Argument for learning to develop with emacs

You may have read my thoughts on why people should learn to code with a good CLI environment at hand.

I’ll one-up myself – it’s good to have emacs at hand.

You have all the features of the shell – well, you have the shell itself, if you want to. But you have even more extensibility, because you have other aspects to work with than apps: you have text editing as a programmable activity.

So besides having and being able to easily create tools to work on data at one level (files), you have and can easily create tools to work on data at another level: content.

So, emacs is not necessarily the only environment which one-ups a good CLI, but it’s the one I know and I can get behind.

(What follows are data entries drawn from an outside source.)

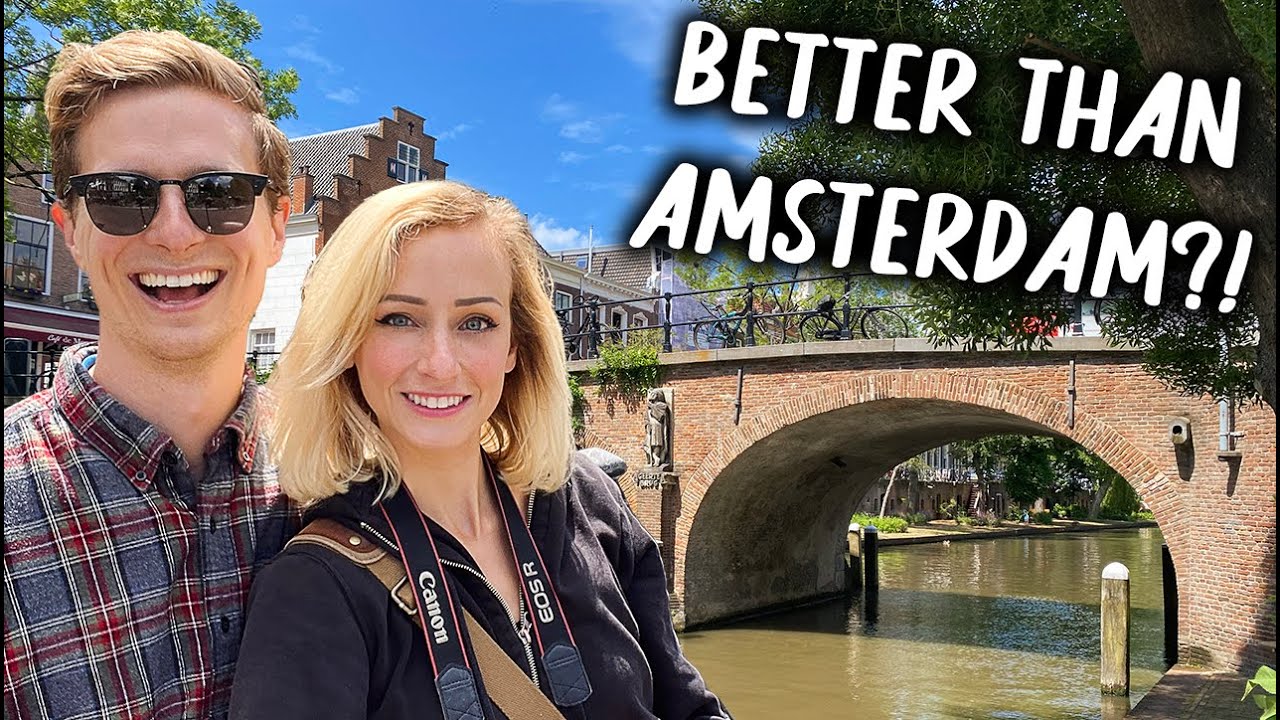 A day in UTRECHT! 🇳🇱 (15 things to do + our vlog)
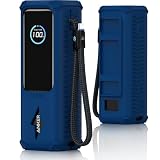 YWXTW Silicone Case for Anker Laptop Power Bank (25,000mAh/165W) - Shockproof Drop-Resistant, Built-in Cable Storage | Non-Slip Grip, Hidden Dust Plug Protective Cover for Anker Power Bank 165w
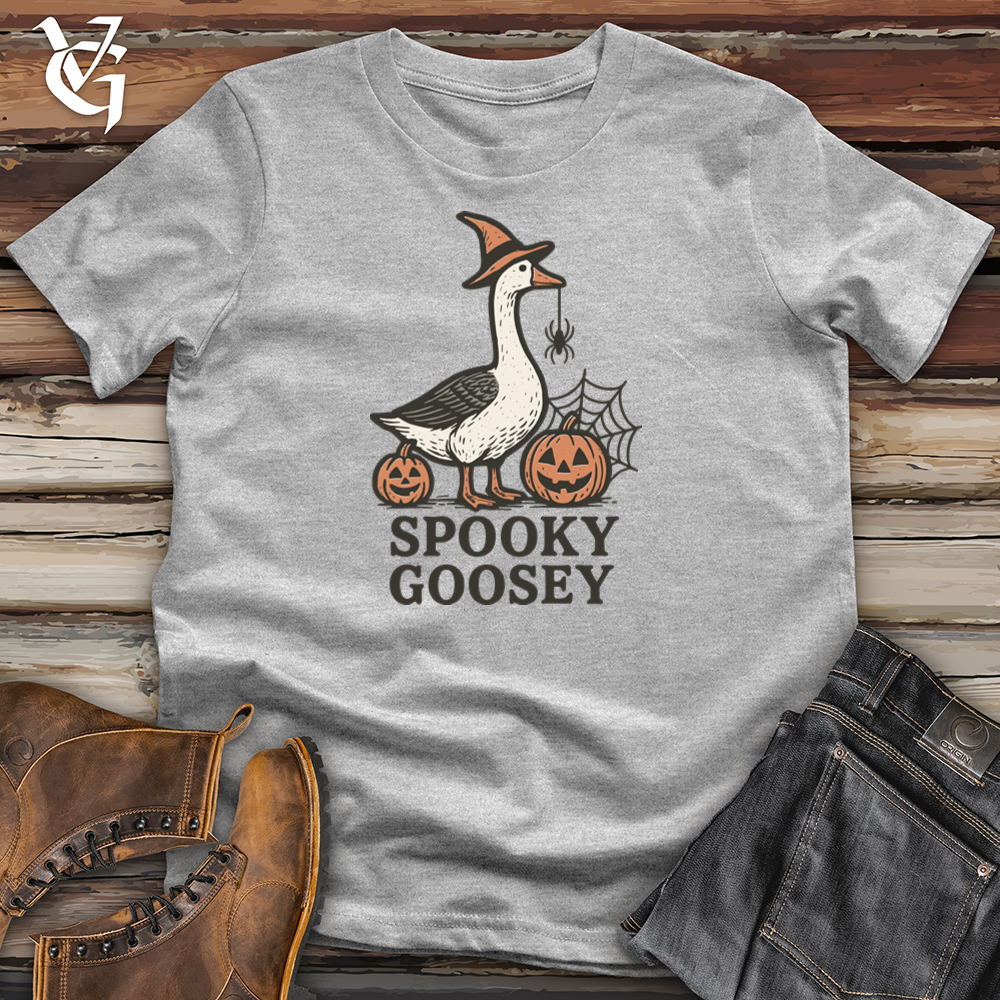Spooky Goosey Fun Softstyle Tee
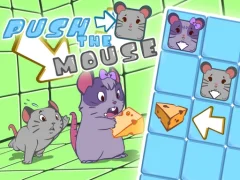 Push the mouse — bezplatná online hra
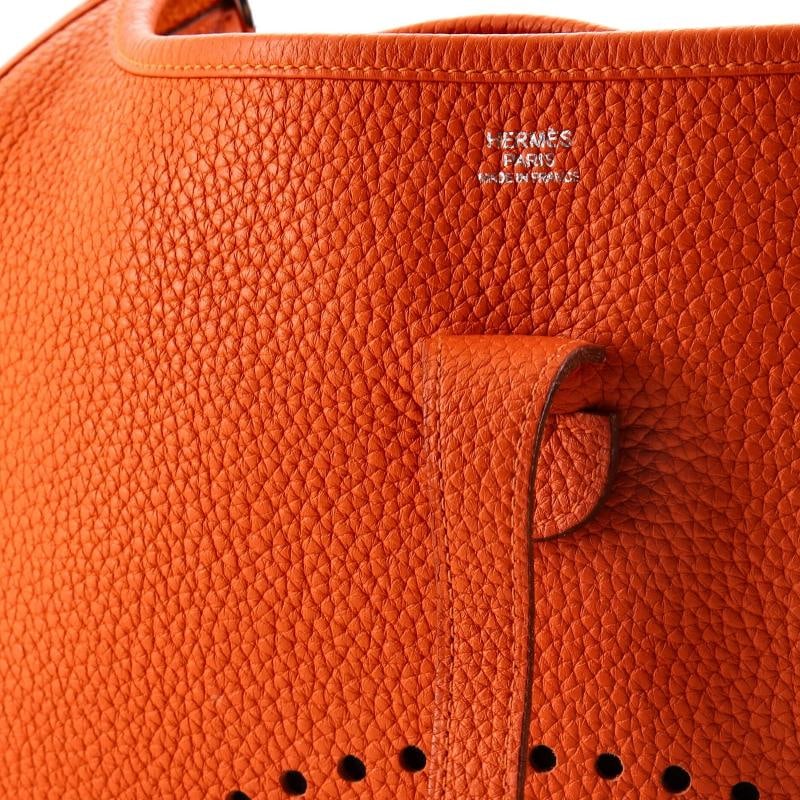 Hermes Evelyne Bag Gen III Clemence PM - 8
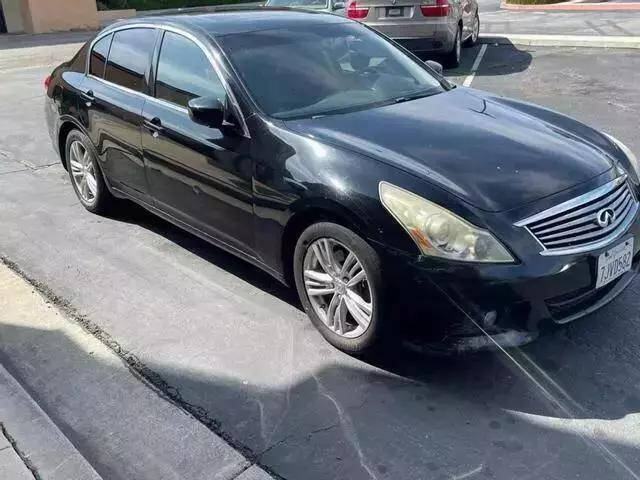 2012 Infiniti G37 Sedan for sale at Brown Auto Sales Inc in Upland CA
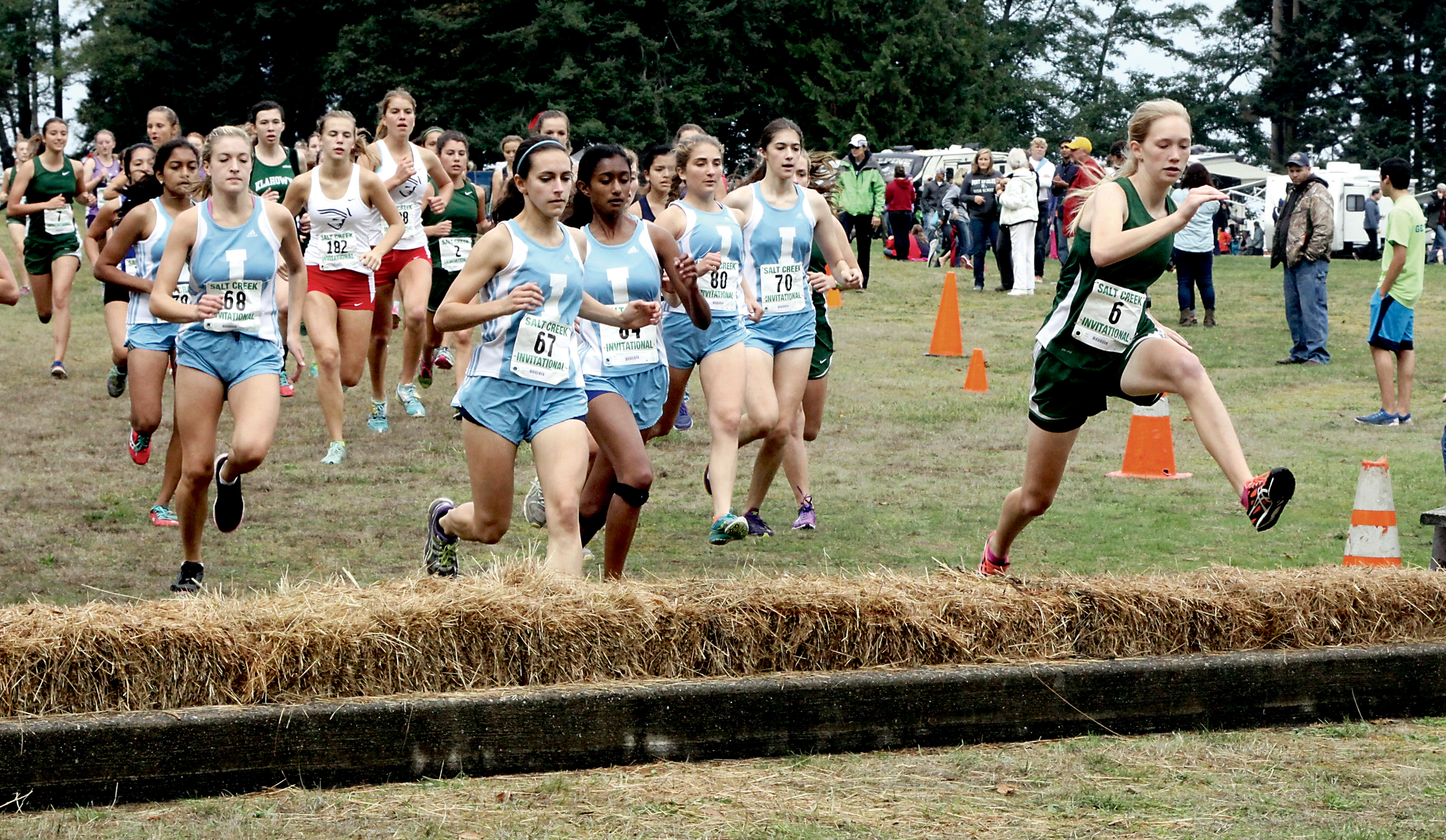 Port Angeles' Gracie Long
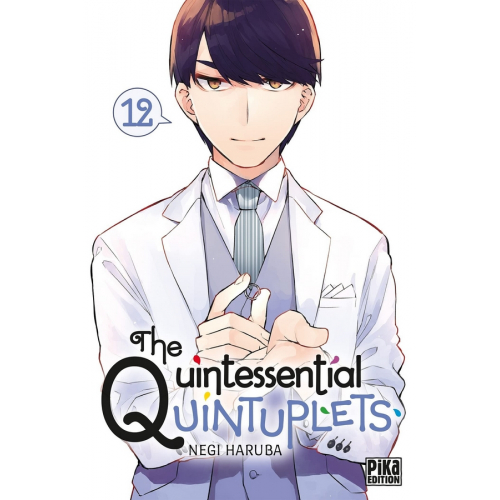 The Quintessential Quintuplets Tome 12 (VF)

What’s so special having the content editing be programmable is a layer of power further from tweaking your environment and adding tools to your toolbox. This is like tweaking the toolbox, so that you can have some tools work better.

The effect is so strong that people who work with emacs often find themselves more and more working from within emacs. So you don’t have an environment from which you call the editor to do some work with. You have an editor from which you work, and as code is text, you have a powerful tool in which to build powerful tools to better build powerful tools.

This is highly desirable.

An argument for learning to code with CLI environments

There’s a difference between working in the command line and working in a desktop environment which I think is crucial to software developers’ formation.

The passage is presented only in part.